Tree-Based Methods (RF, XGBoost)
- Automatically capture nonlinearities and interactions
- No need for feature engineering (polynomials, interactions)
- Robust to outliers and skewed distributions
- Handle mixed data types (numeric + categorical) naturally
- Do not require feature scaling or normalization
- Best for: complex, nonlinear relationships; many features with interactions; tabular data competitions
Regularized Regression (LASSO, Ridge)
- Produce interpretable, sparse models (especially LASSO)
- Work well when the true relationship is approximately linear
- Computationally faster to train and tune
- LASSO performs automatic variable selection
- Better with small sample sizes (fewer parameters to estimate)
- Best for: inference-adjacent tasks; feature selection; linear or mildly nonlinear settings; small n
Limitations
Key Limitations of Tree-Based Methods
- Single trees are unstable: Small changes in the training data can produce a completely different tree structure.

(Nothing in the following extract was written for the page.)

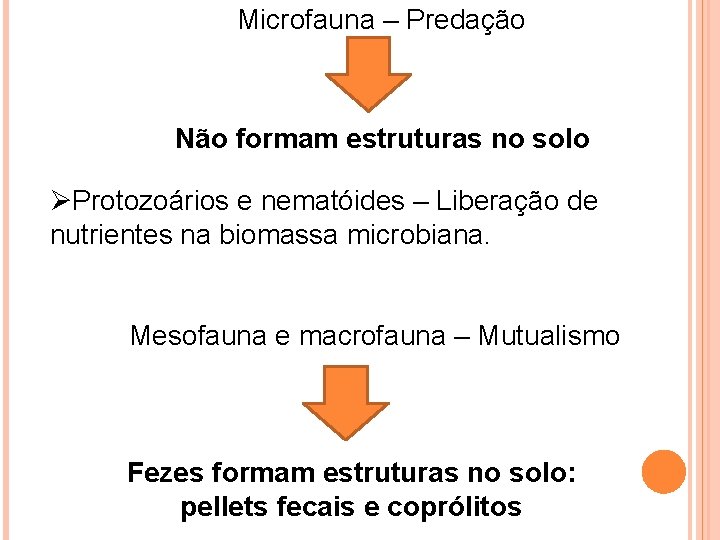 Microfauna – Predação Não formam estruturas no solo ØProtozoários e nematóides – Liberação de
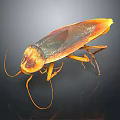Cockroach With Orange And Black Body Long Antennae Shiny Exoskeleton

This is why ensembles (Random Forests, boosting) are almost always preferred over single trees in practice.
- Trees cannot extrapolate: Because predictions are averages of training observations in each leaf, trees can never predict values outside the range seen during training. If your training data has house prices between $100K and $1M, the model will never predict $1.5M, even for a mansion. This is a fundamental limitation compared to linear models.
- Computational cost: Large Random Forests and XGBoost models with many trees can be slow to train on very large datasets, though parallelization helps. XGBoost is significantly faster than a naive implementation but still requires more computation than a LASSO regression.
- Interpretability trade-off: While single trees are highly interpretable, ensembles of hundreds of trees are black boxes. SHAP values and variable importance plots help, but they do not provide the simple, transparent model that a policymaker or regulator might want.
- Not designed for causal inference: Tree-based methods are prediction machines. High variable importance does not imply causation. For causal questions, use the methods from Module 6 (or see Module 11D: Causal ML for hybrid approaches).
References
- Breiman, L. (2001). Random Forests. Machine Learning, 45(1), 5-32.
- Hastie, T., Tibshirani, R., & Friedman, J. (2009). The Elements of Statistical Learning (2nd ed.). Springer. Chapters 9, 10, 15.
- Chen, T., & Guestrin, C. (2016). XGBoost: A Scalable Tree Boosting System. Proceedings of the 22nd ACM SIGKDD International Conference on Knowledge Discovery and Data Mining.
- Lundberg, S. M., & Lee, S.-I. (2017). A Unified Approach to Interpreting Model Predictions. Advances in Neural Information Processing Systems (NeurIPS).